Na entrevista a seguir, concedida por e-mail
ao Instituto Humanitas Unisinos – IHU, Tuize ainda comenta como o programa
habitacional Minha Casa, Minha Vida atendeu aos interesses de proprietários
imobiliários, incorporadores e empreiteiras. “No Brasil os conjuntos
implementados a partir das políticas públicas habitacionais ainda obedecem às
dinâmicas da especulação imobiliária”, assinala. “Assim, em sua maioria, são
construídos em locais segregados, afastados dos centros urbanos e carentes de
infraestrutura e serviços públicos”, coloca. Para a urbanista, as “sociedades
capitalistas e patriarcais como a nossa resultam em cidades que servem à
circulação de trabalhadores e capital e ignora as necessidades da vida humana”,
assevera.
Tuize Rovere é professora do curso de
Arquitetura e Urbanismo do Instituto Federal do Rio Grande do Sul, além de
doutora e mestra em Planejamento Urbano e Regional/Desenvolvimento Regional
pela Universidade de Santa Cruz do Sul (UNISC, 2018 e 2023) com tese premiada
pelo Prêmio CAPES de Teses 2024. Atualmente cursa estágio pós-doutoral no
Programa de Pós-graduação em Arquitetura e Urbanismo Universidade Federal de
Pelotas (PPGRAU/UFPel) com bolsa CAPES de pós-doutoramento. Tem pós-graduação
em Gestão Ambiental pela Universidade do Oeste de SC (UNOESC, 2009). É graduada
em Arquitetura e Urbanismo pela Universidade Federal de Pelotas (FAUrb/UFPel,
2005).
<><> Confira a entrevista.
• Em
um país com uma desigualdade radical como o Brasil, qual o papel das políticas
habitacionais, como o Minha Casa, Minha vida – MCMV?
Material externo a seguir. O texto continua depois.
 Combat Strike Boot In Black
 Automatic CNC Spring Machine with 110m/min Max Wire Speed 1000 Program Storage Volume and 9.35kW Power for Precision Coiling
Tuize Rovere – O Brasil é um país de
desigualdades abissais e isso se reflete na formação das cidades, na medida em
que elas resultam das dinâmicas sociais. Nesse contexto, alguns grupos são
constantemente afastados de direitos básicos, como a moradia digna. Entre esses
estão as mulheres, especialmente as mulheres negras, que sofrem com a
precarização do trabalho e a falta de acesso a renda, o que resulta em
periferização e vulnerabilidade. As políticas públicas habitacionais, se forem
implementadas responsavelmente, inseridas na malha urbana, próxima de centros
providos de infraestrutura e serviços públicos urbanos, especialmente aqueles
que fazem parte da rede de suporte ao trabalho de cuidado, como creches,
escolas e postos de saúde, entre outros, trazem autonomia e possibilidade de
mobilidade social para essas mulheres.
• Quais
são, no contexto brasileiro, as principais potencialidades e limites das
políticas habitacionais?
Tuize Rovere – No Brasil os conjuntos
implementados a partir das políticas públicas habitacionais ainda obedecem às
dinâmicas da especulação imobiliária. Assim, em sua maioria, são construídos em
locais segregados, afastados dos centros urbanos e carentes de infraestrutura e
serviços públicos. Além disso, nos últimos anos, essa política vem se
concentrando em construções novas, deixando de lado outras possiblidades como o
aproveitamento de imóveis não utilizados nos centros da cidade. Esse último
fator vem sendo revertido timidamente. As políticas públicas habitacionais,
apesar de apresentarem um grande potencial de mitigação de questões sociais,
precisam ser implementados com responsabilidade e sempre atrelados a outras
políticas públicas.
• Em
que sentido uma política habitacional se converte, como você propõe em sua
tese, em uma biopolítica?
Tuize Rovere – Na medida em que se transforma
em mais um mecanismo de controle de corpos no espaço, determinando
indiretamente (ou diretamente) quem pertence ou não a determinados lugares na
cidade, quem pode ou não acessar determinados bens e serviços urbanos,
segregando e estigmatizando os moradores destes bairros e residenciais.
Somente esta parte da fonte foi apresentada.